--- START ---
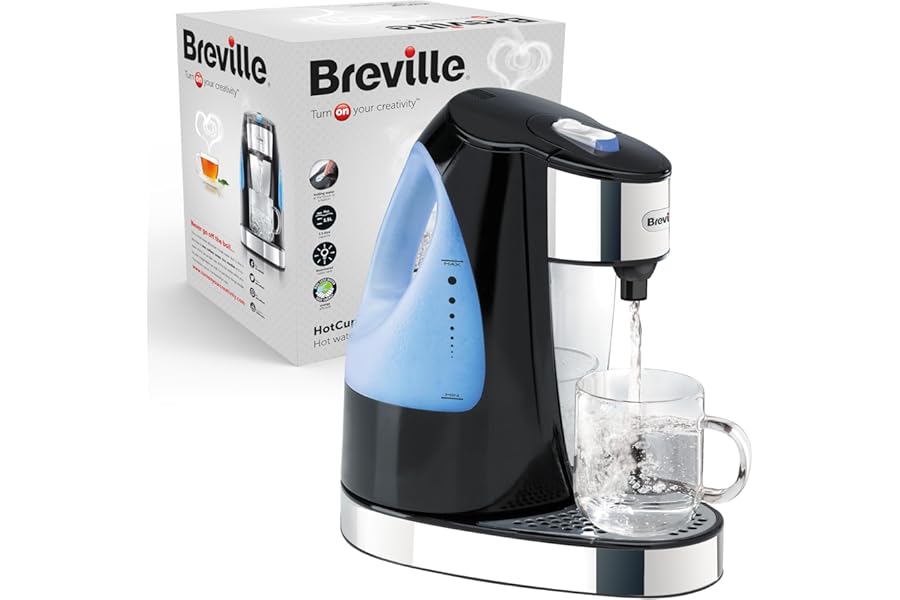 Breville HotCup Hot Water Dispenser | 3kW Fast Boil |1.5L | Energy-Efficient | Gloss Black [VKJ142]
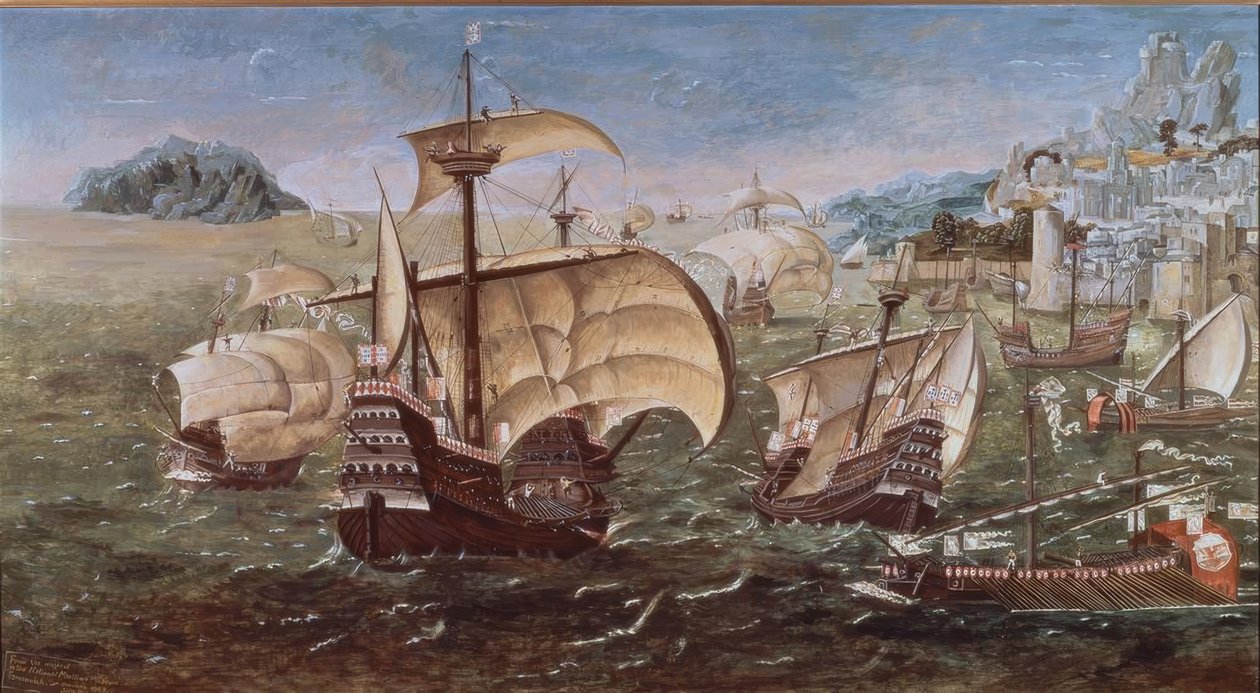 岩場に浮かぶポルトガル船 - 16世紀 - O / L - 78 × 144 - グリニッジ美術館所蔵の原画のコピー 作： マンデー・ジョン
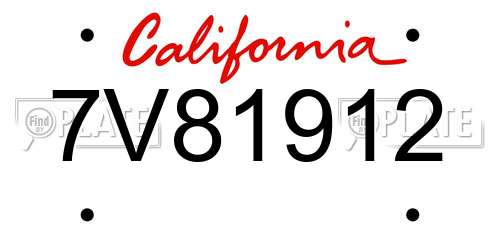 7V81912 California License Plate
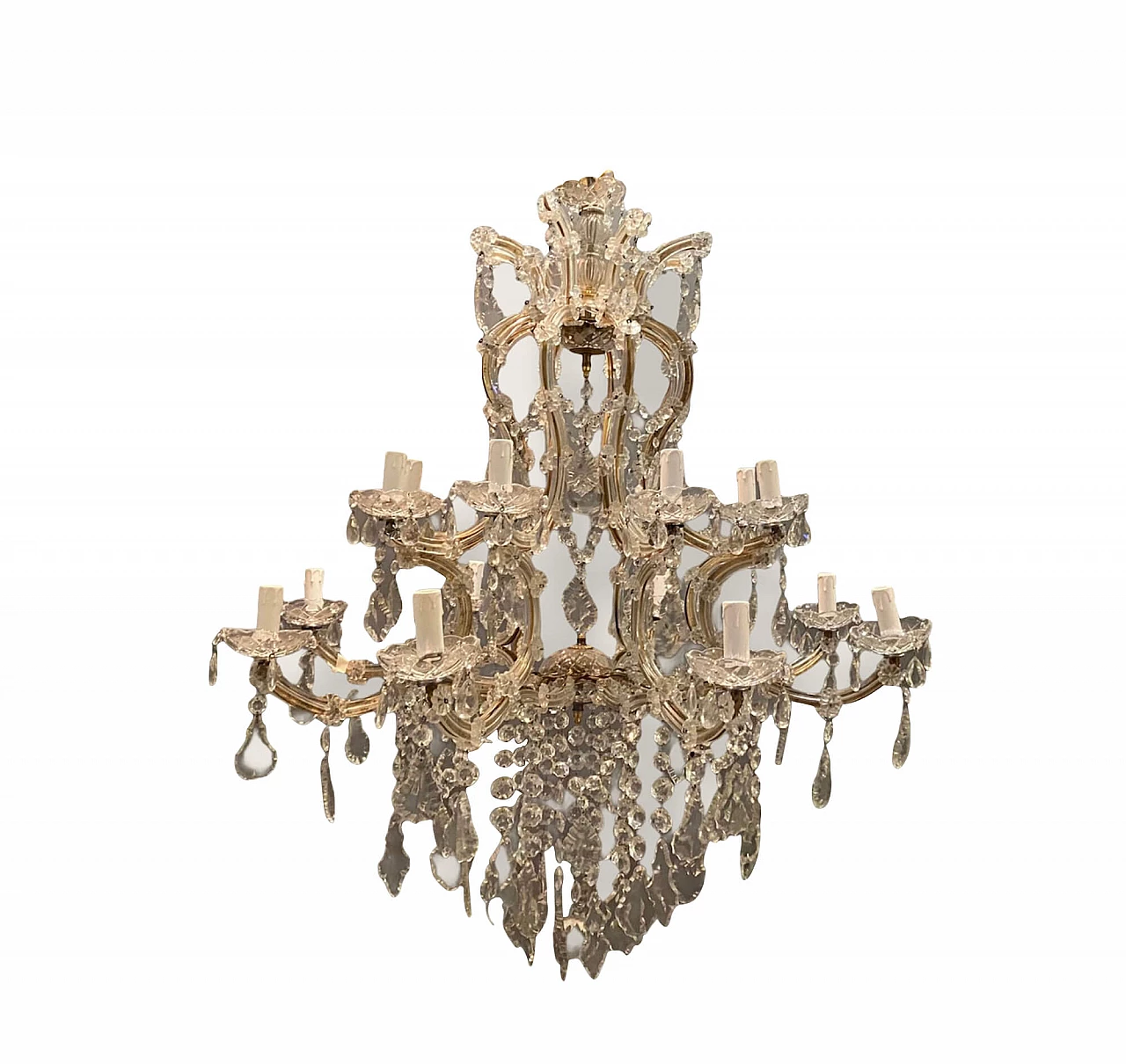 Large Italian Crystal Chandelier, 50s 1202913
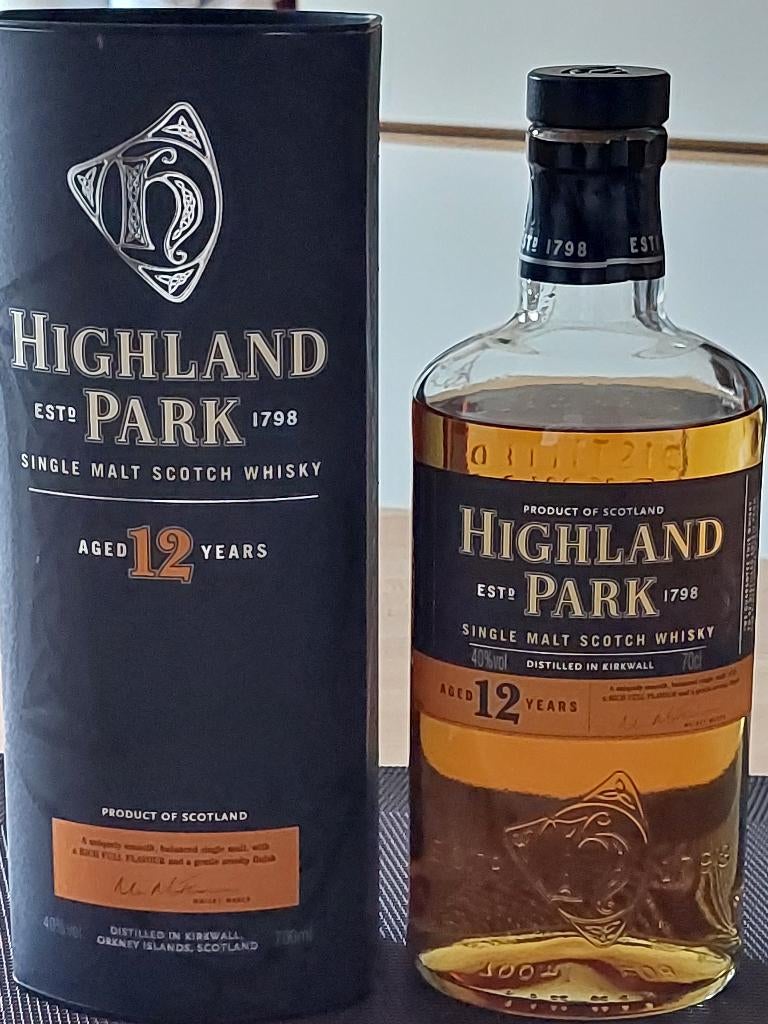 Highland Park-Scotch Whisky-single malt-12 jaar-70cl-geopend, Verzamelen, Ophalen of Verzenden, Zo goed als nieuw, Overige gebieden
--- END ---
◆ **Exercise prompt**
Transcribe each of the records above precisely, with no pictures in the copy.

◆ **Answer**
 Breville HotCup Hot Water Dispenser | 3kW Fast Boil |1.5L | Energy-Efficient | Gloss Black [VKJ142]
 岩場に浮かぶポルトガル船 - 16世紀 - O / L - 78 × 144 - グリニッジ美術館所蔵の原画のコピー 作： マンデー・ジョン
 7V81912 California License Plate
 Large Italian Crystal Chandelier, 50s 1202913
 Highland Park-Scotch Whisky-single malt-12 jaar-70cl-geopend, Verzamelen, Ophalen of Verzenden, Zo goed als nieuw, Overige gebieden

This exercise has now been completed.